Dehydrogenase-based sensors can use working electrodes made of gold
or carbon (via mediated chemistry). Examples of analytes suitable
for this type of monitoring include, but are not limited to,
cholesterol, ethanol, hydroxybutyrate, phenylalanine,
triglycerides, and urea. Further, the enzyme can be eliminated and
detection can rely on direct electrochemical or potentiometric
detection of an analyte. Such analytes include, without limitation,
heavy metals (e.g., cobalt, iron, lead, nickel, zinc), oxygen,
carbonate/carbon dioxide, chloride, fluoride, lithium, pH,
potassium, sodium, and urea. Also, the sampling system described
herein can be used for therapeutic drug monitoring, for example,
monitoring anti-epileptic drugs (e.g., phenytion), chemotherapy
(e.g., adriamycin), hyperactivity (e.g., ritalin), and
anti-organ-rejection (e.g., cyclosporin).

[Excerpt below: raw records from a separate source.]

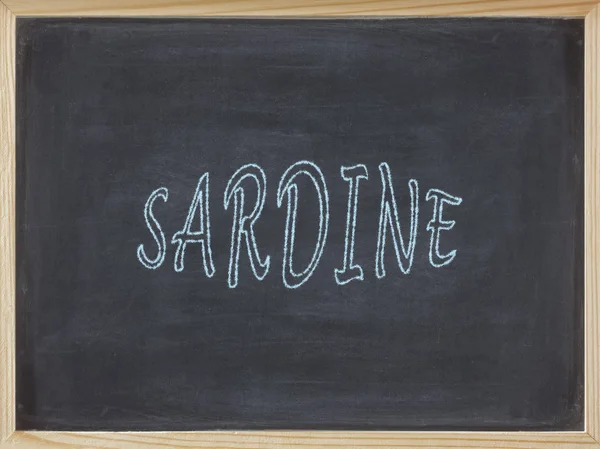 黒板に書かれた Sardinen 肉 — ストック写真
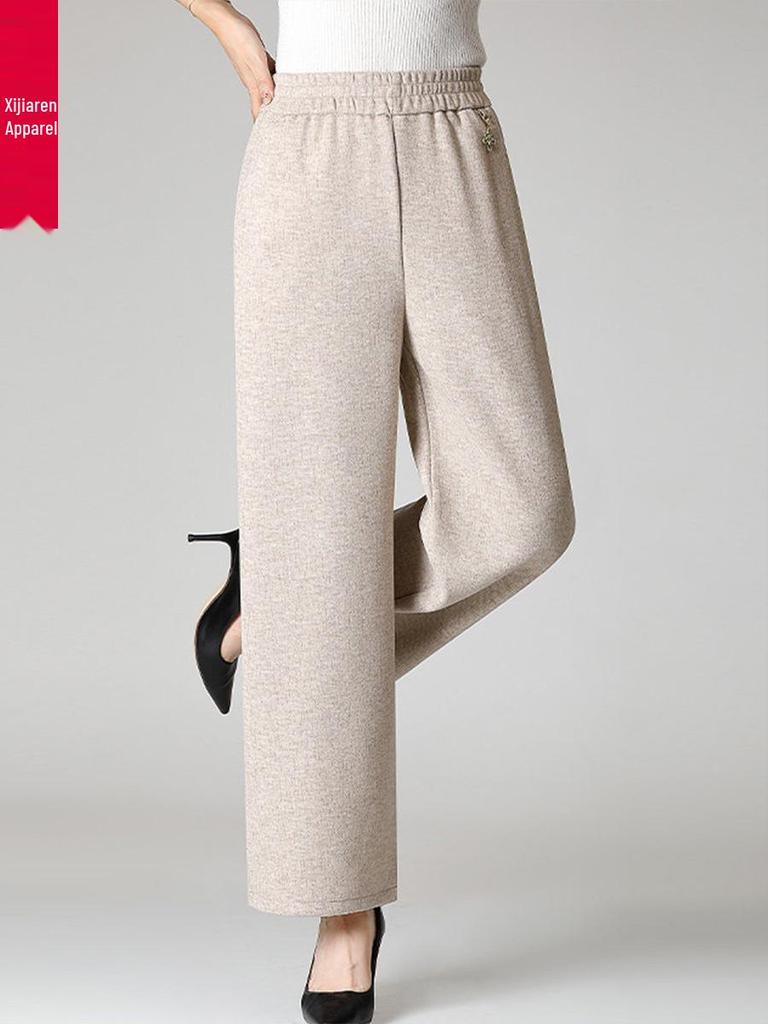 Extra-Size Women's Plus Velvet Wide-Leg Pants for Autumn and Winter, Middle-Aged and Elderly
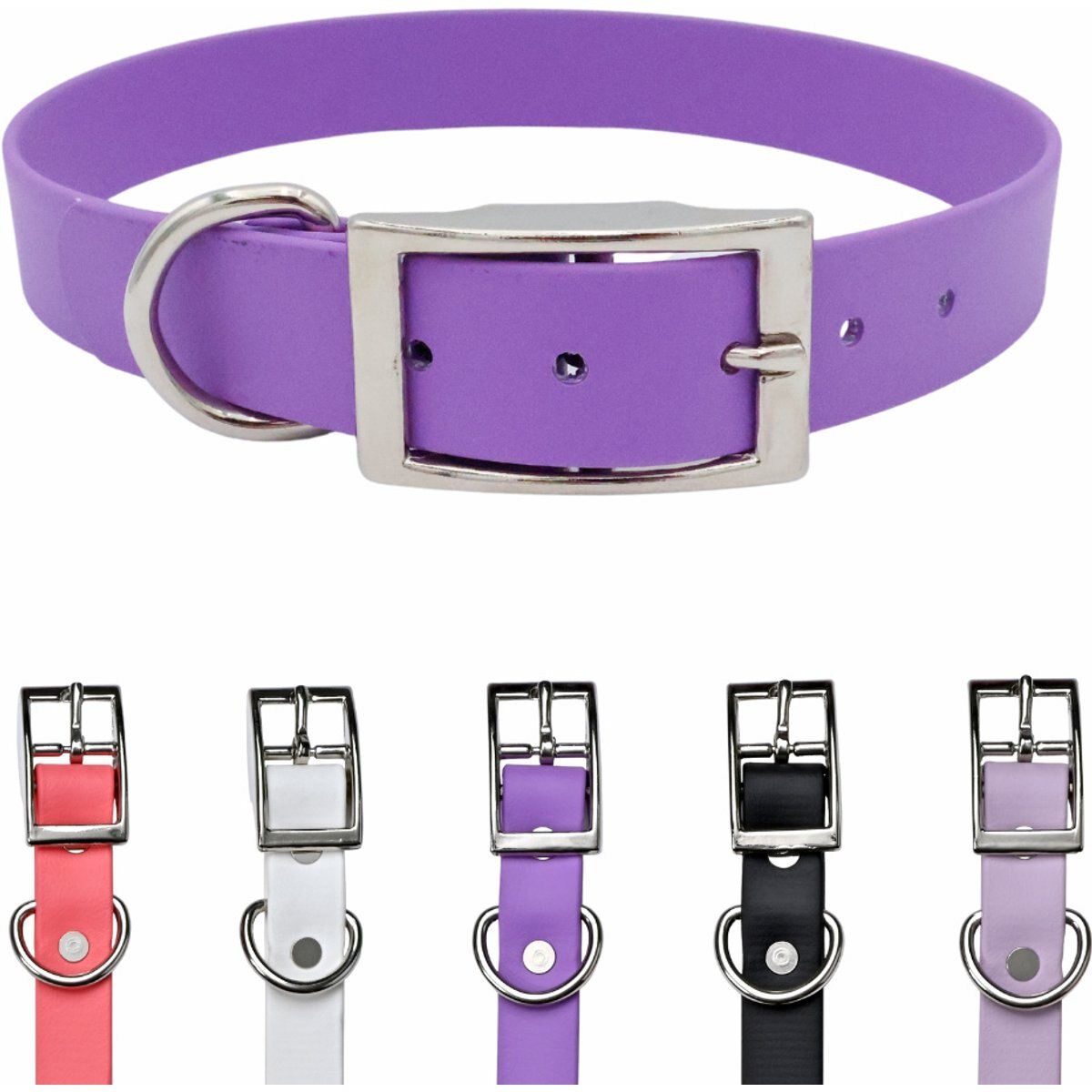 Tailr Premium BioThane Waterproof Dog Collar, Bright Lavender, Extra Large: 18 to 21-in neck, 1-in wide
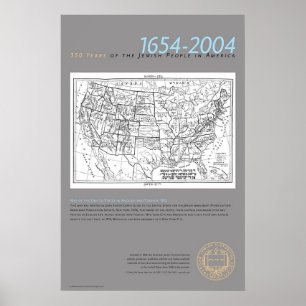 Karte der US auf English und Yiddish, 1912 Poster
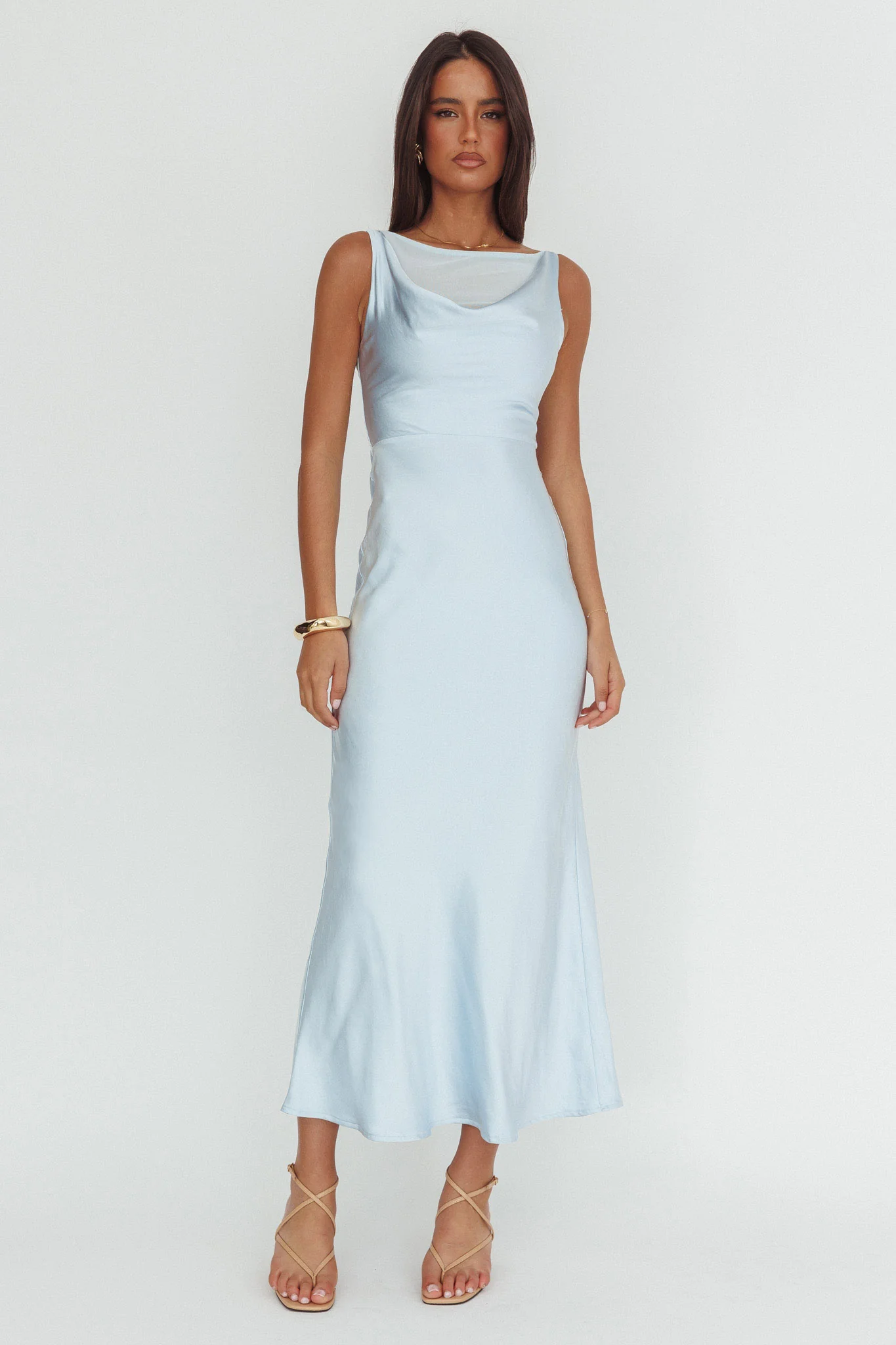 Venus Rising Sleeveless Cowl Neck Maxi Dress Blue
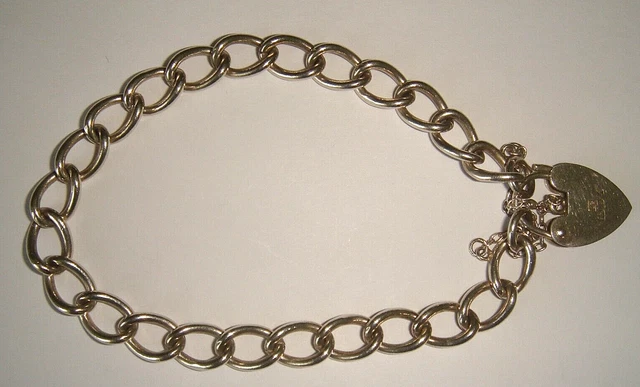 Vintage Sterlingsilber Herzvorhängeschloss Charm Armband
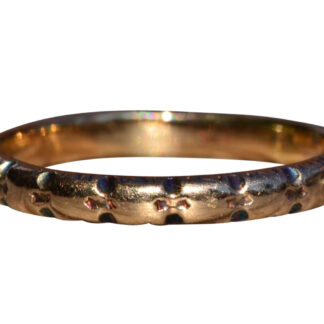 The Harmony:  Antique Yellow Gold Engraved Wedding Band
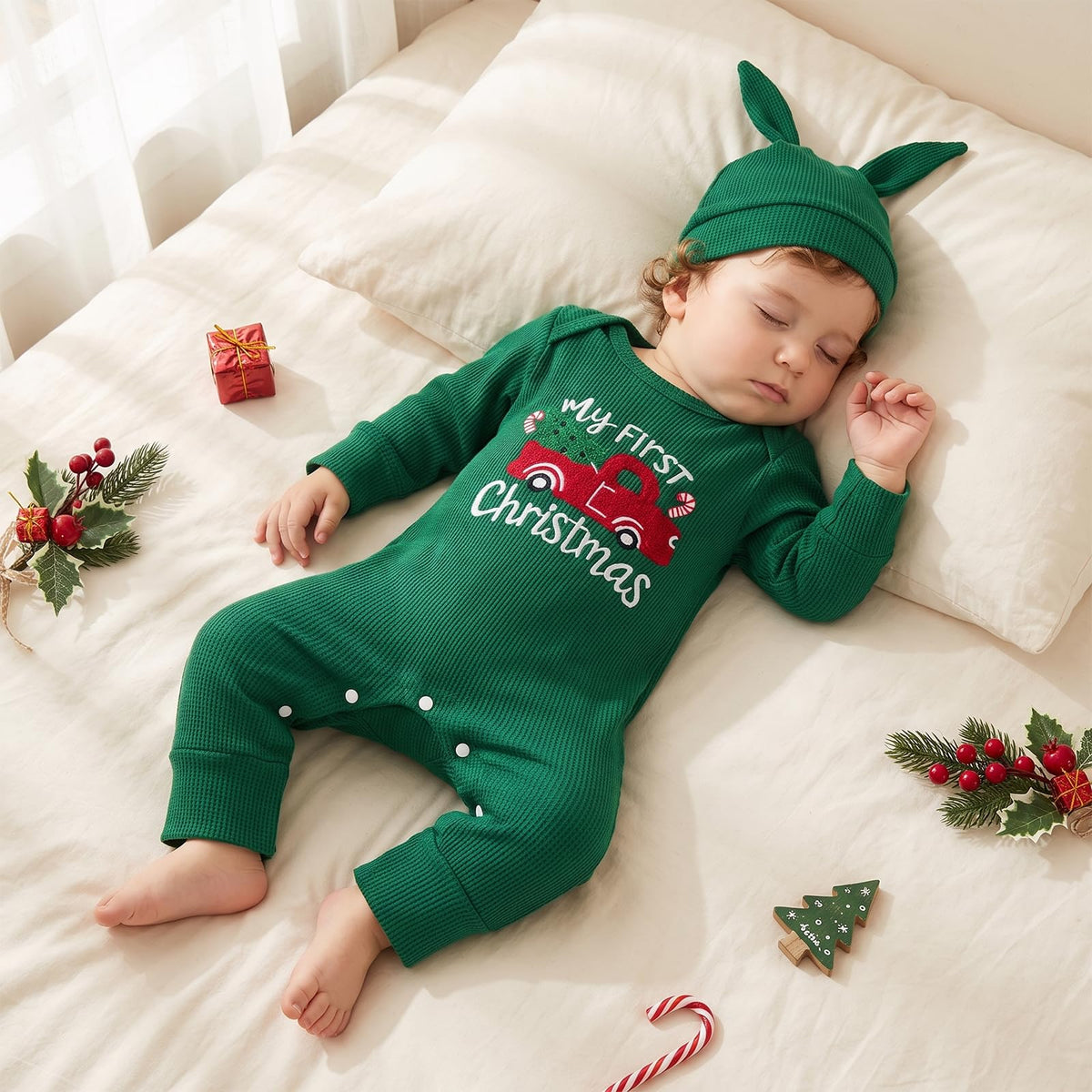 Christmas Baby Boy Waffle Romper Jumpsuit Hat S13944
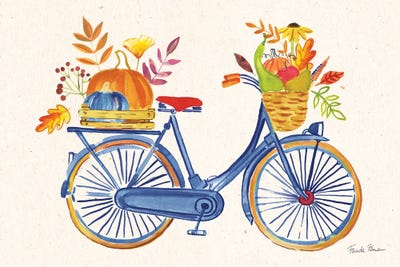Autumn Harvest I (Navy Bicycle) by Farida Zaman art print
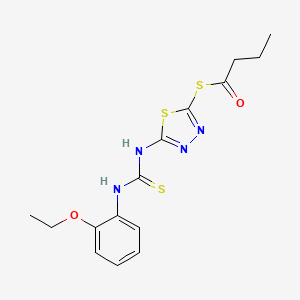 Butanethioic acid, S-(5-((((2-ethoxyphenyl)amino)thioxomethyl)amino)-1,3,4-thiadiazol-2-yl) ester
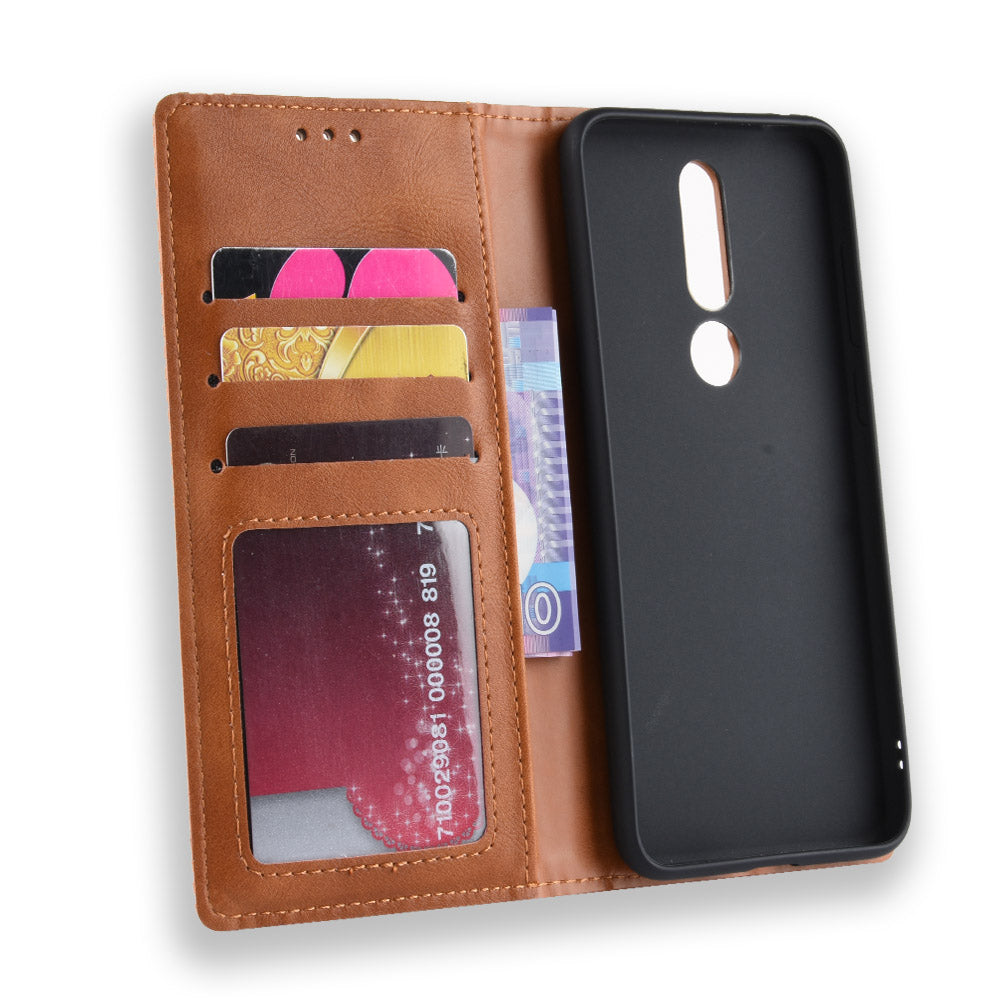 Retro Style Leather Auto-absorbed Wallet Casing for Nokia 5.1 Plus/X5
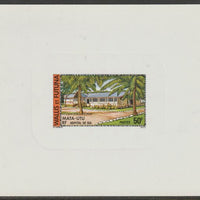 Wallis & Futuna 1977 Sea Hospital 50f (from Buildings & Monuments set) imperf die proof in issued colours on glossy sunken card, as SG 272
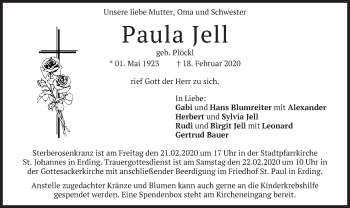 Todesanzeige von Paula Jell von merkurtz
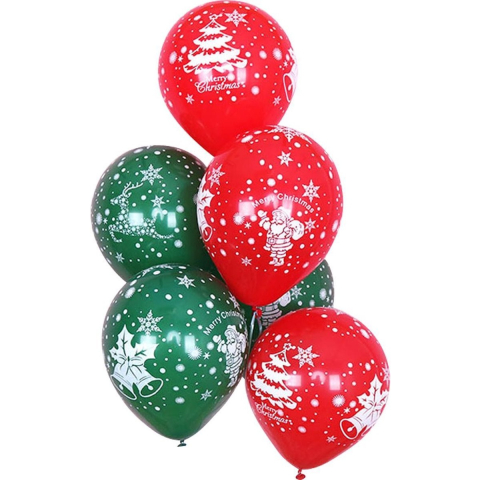 Baloane Latex - Set 16 Baloane din Latex, Model Merry Christmas, Tematica Craciun, 25 cm, Verde Rosu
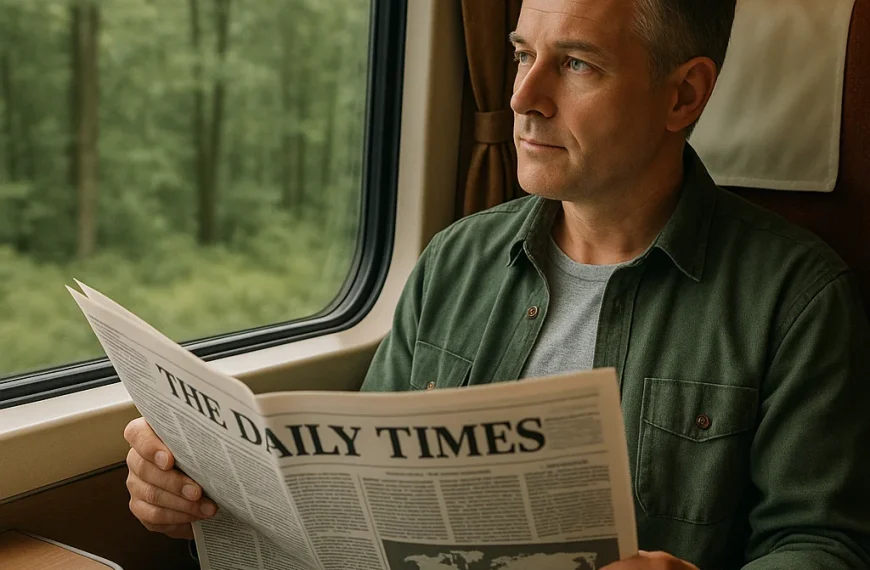 Middle-aged man reading newspaper while sitting by train window during daytime travel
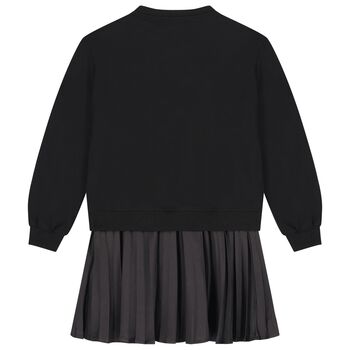 Girls Black Sweatshirt Dress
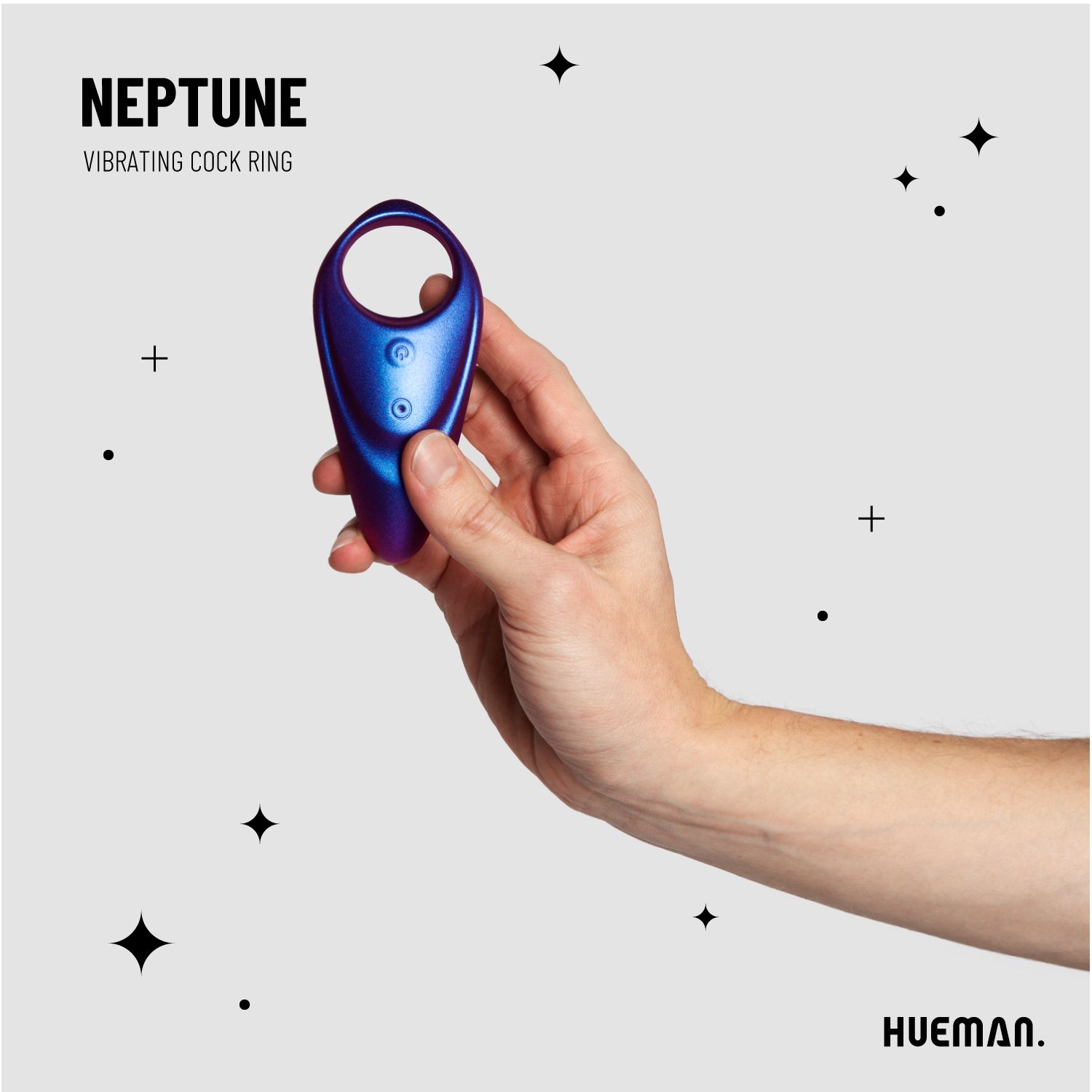 Hueman - Neptune Vibrating Cock Ring + Remote - EasyToys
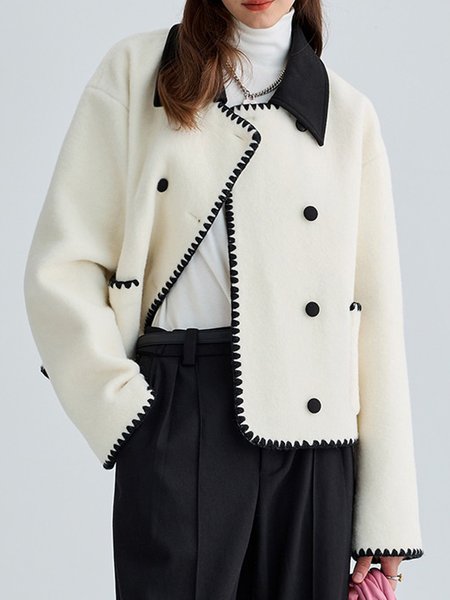 

Shirt Collar Elegant Loose Piping Color Block Jacket, White, Jackets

[0089] More specifically, a non-invasive glucose monitoring
(sampling) device is used to measure changes in glucose levels in
an animal subject over a wide range of glucose concentrations. The
sampling method is based on transdermal glucose extraction, and the
sensing method is based on electrochemical detection technology.
The device can be contacted with the biological system
continuously, and automatically obtains glucose samples in order to
measure glucose concentration at various selected intervals.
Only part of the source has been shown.